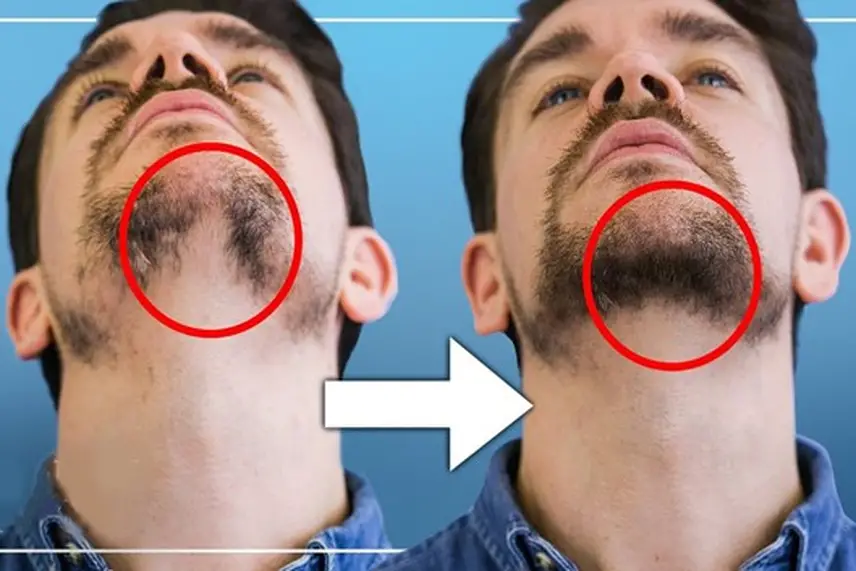 انواع روش های کاشت ریش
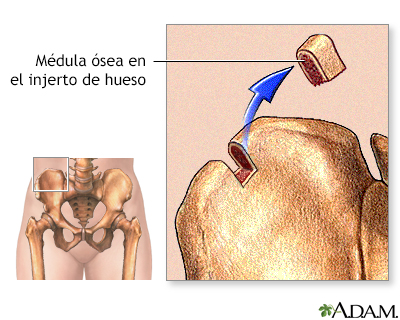 Médula ósea de la cadera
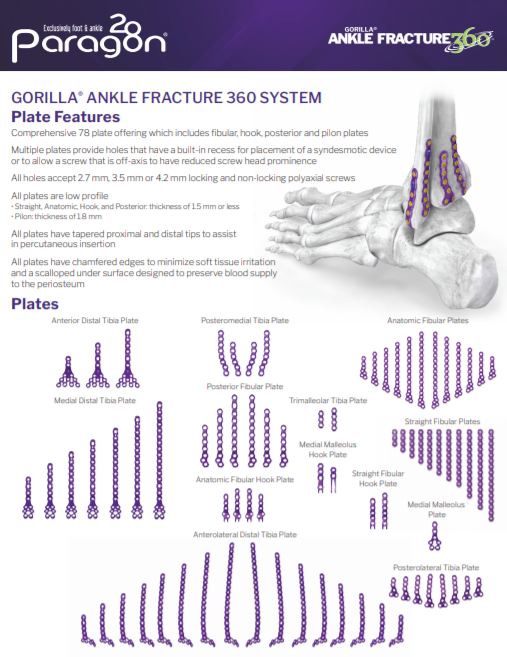 Ankle Fracture 360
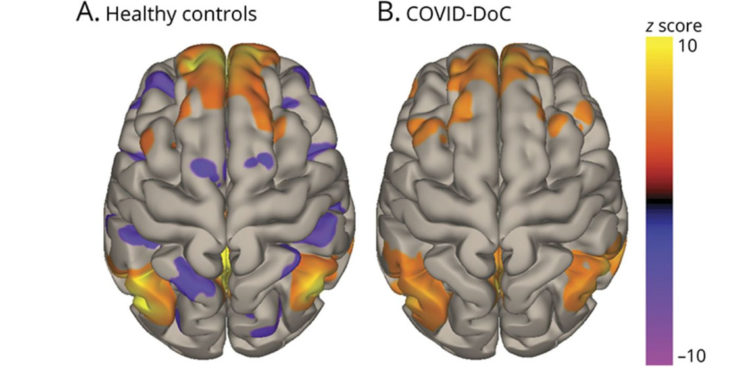 Functional brain connectivity for patients with COVID-19 disorders of consciousness compared to healthy controls.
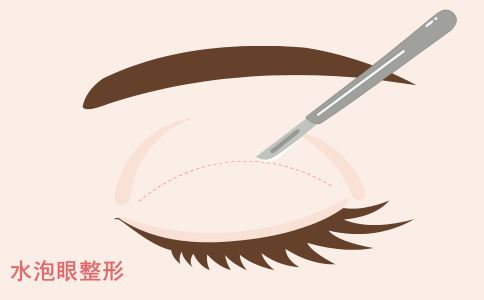 激光祛斑：了解原理，遵循術前術后要求，美麗肌膚輕松得！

Exercise requirements: Set down the records precisely as they appear. Any picture stays out.

Output:
 انواع روش های کاشت ریش
 Médula ósea de la cadera
 Ankle Fracture 360
 Functional brain connectivity for patients with COVID-19 disorders of consciousness compared to healthy controls.
 激光祛斑：了解原理，遵循術前術后要求，美麗肌膚輕松得！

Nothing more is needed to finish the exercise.